These are the remains of the flag bridge of the cruiser USS San Francisco, badly damaged in battle against Japanese naval forces on the night of November 12-13, 1942. The shrapnel-torn holes in her bridge bear mute testimony of to the ferocious combat and enormous casualties suffered by the warship during the encounter near Guadalcanal in the Solomon Islands in the Pacific Ocean.
War in the Pacific
On December 7, 1941 San Francisco was at Pearl Harbor in Hawaii awaiting a major overhaul. Moored across the channel from Battleship Row, the cruiser was undamaged during the Japanese attack and put to sea on December 16. The USS San Francisco became one of only a handful of major American warships operating in the Pacific.

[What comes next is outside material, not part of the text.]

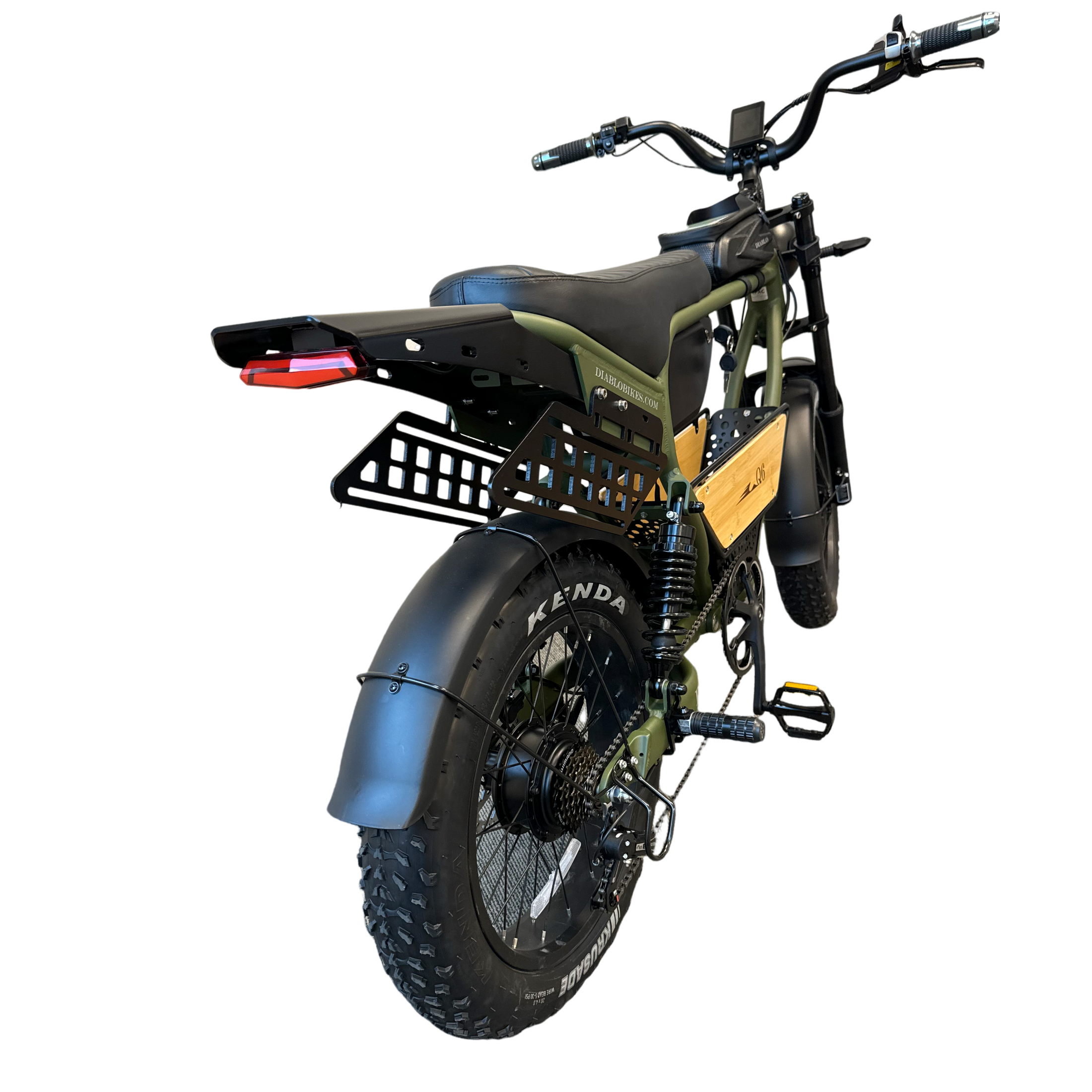 Diablo Q6 Fatbike 7RD Shimano en Hydraulische remmen met alle Accessoires - Mat Groen - AE-trading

On Guadalcanal in the Solomon Islands, Japanese soldiers were building an airfield that would control thousands of square miles of ocean and the sea routes to Australia. To stop this enemy build-up, U.S. Marines invaded Guadalcanal in August 1942
The USS San Francisco served a key role in this campaign, protecting American aircraft carriers and troop transports throughout the Solomons, bombarding shore installations, and intercepting enemy vessels attempting to land additional troops and supplies.
On November 12-13, 1942, during a nighttime engagement, described as "the most furious sea battle fought in history," the San Francisco and twelve escort ships turned back a Japanese fleet of seventeen ships that was threatening U.S. forces on Guadalcanal Island. The cost of victory was enormous: 107 of San Francisco's crew were killed during the action, including Rear Admiral Daniel Callaghan, a native of San Francisco.
Following the gallant actions off Guadalcanal the cruiser was repaired and returned to duty. She served throughout the war and earned seventeen battle stars and a Presidential unit citation.
After the war, San Francisco installed a monument here, the centerpiece of which is the battle-damaged flag bridge. It was dedicated on November 12, 1950, as a memorial to the ship, her crew and their courageous sacrifices during World War II.